- _TASK GOAL_
Keep the images out while you retype all of the data exactly.

- _DATA SECTION_
BEGIN

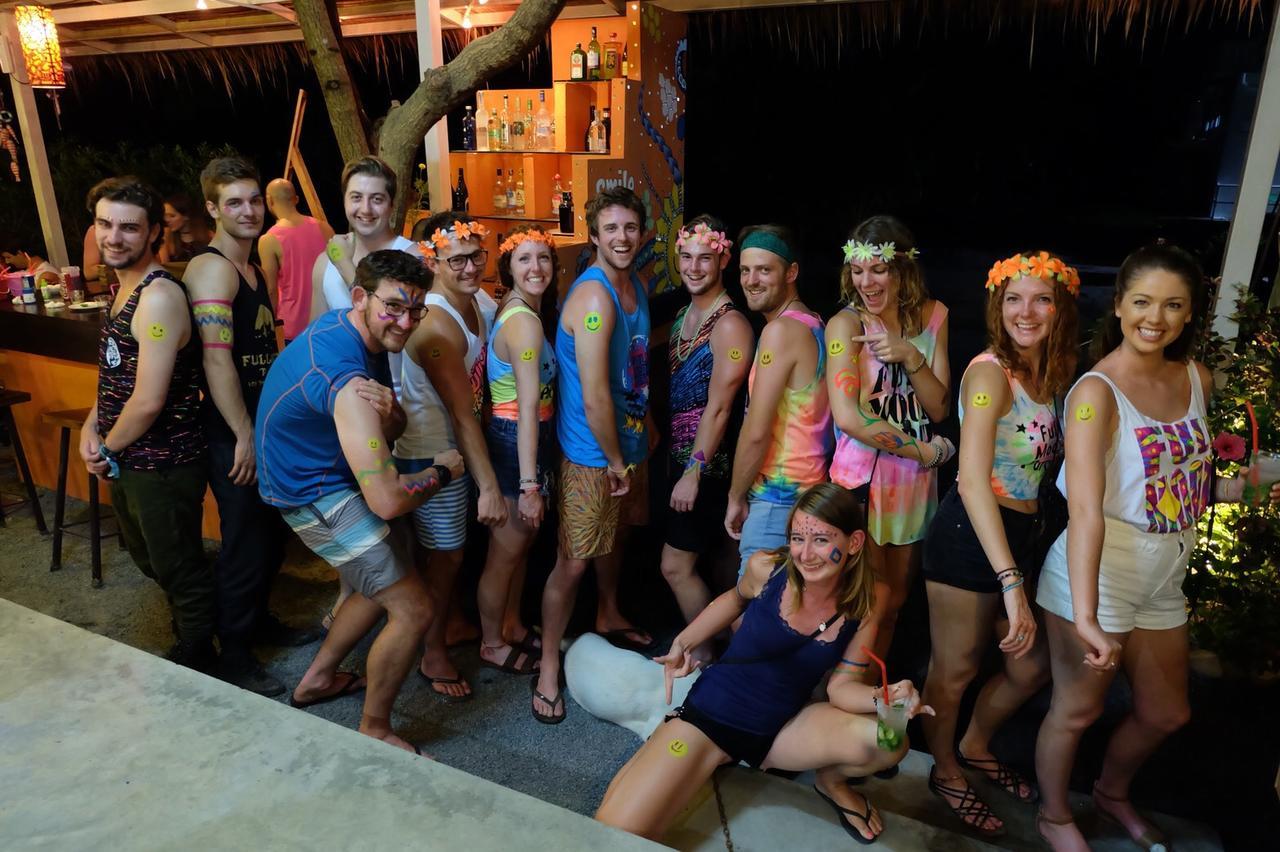 Smile Hostel Koh Phangan Extérieur photo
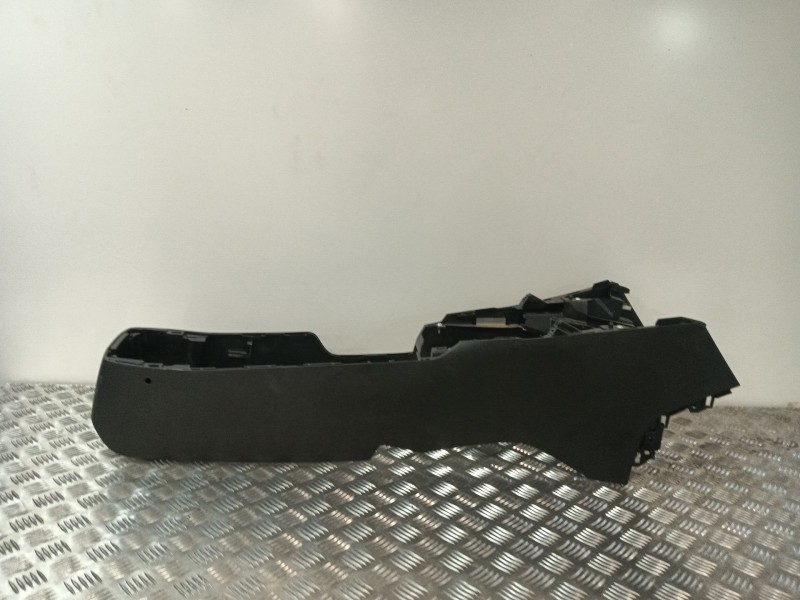 Recambio de consola central para mazda cx-3 (dk) 2.0 skyactiv-g (dk5w, dk6w) referencia OEM IAM D10S64421  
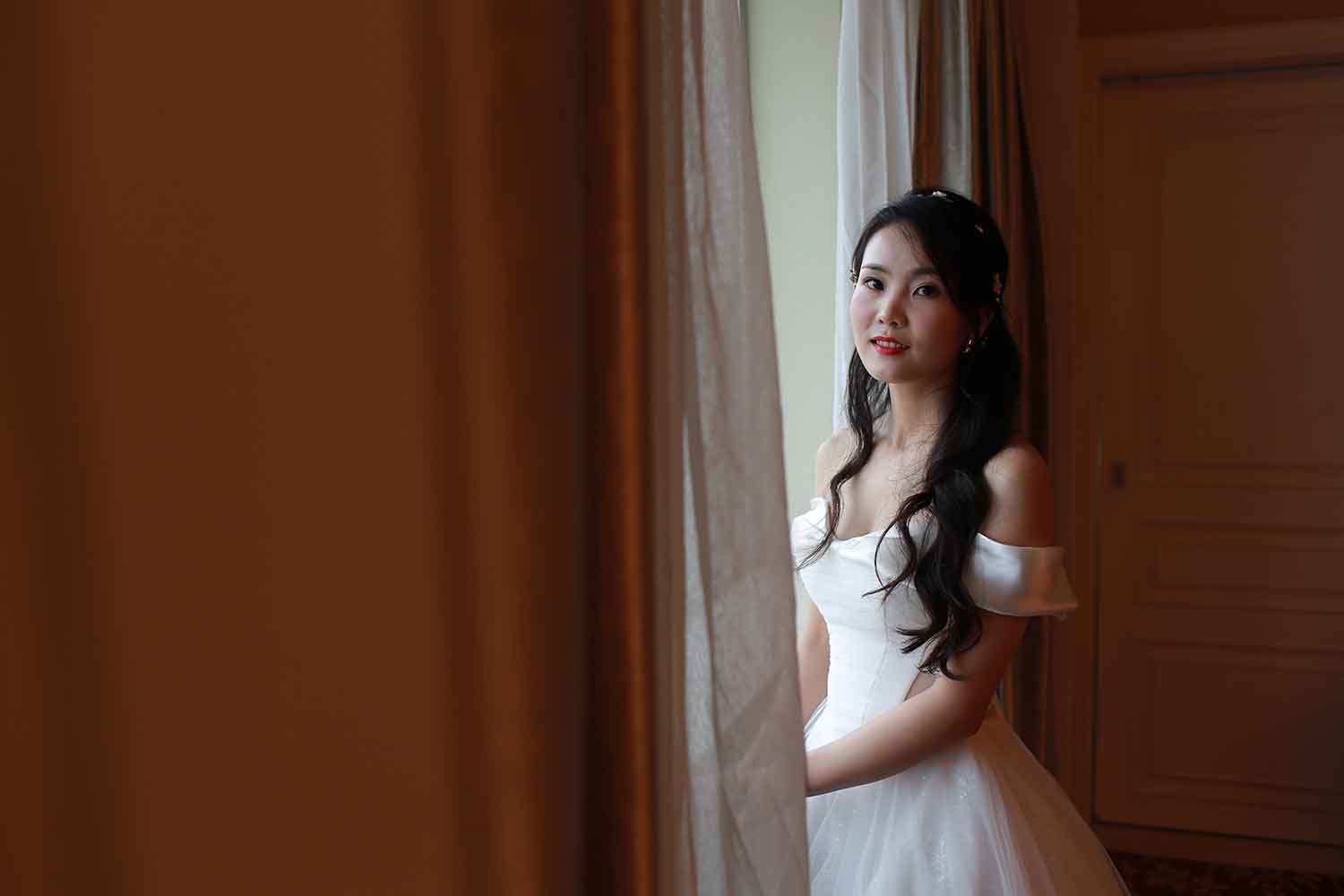 [素人新娘] 眼睛迷人的美女新娘婚礼现场实拍写真 H449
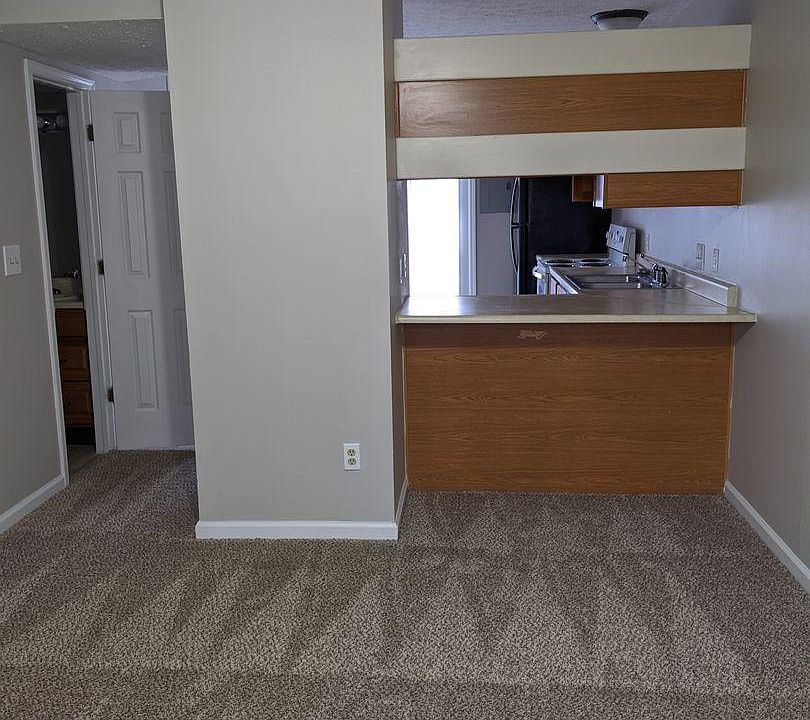 1st image of 1622 S Curry Pike #1672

END

- _YOUR SOLUTION_
 Smile Hostel Koh Phangan Extérieur photo
 Recambio de consola central para mazda cx-3 (dk) 2.0 skyactiv-g (dk5w, dk6w) referencia OEM IAM D10S64421  
 [素人新娘] 眼睛迷人的美女新娘婚礼现场实拍写真 H449
 1st image of 1622 S Curry Pike #1672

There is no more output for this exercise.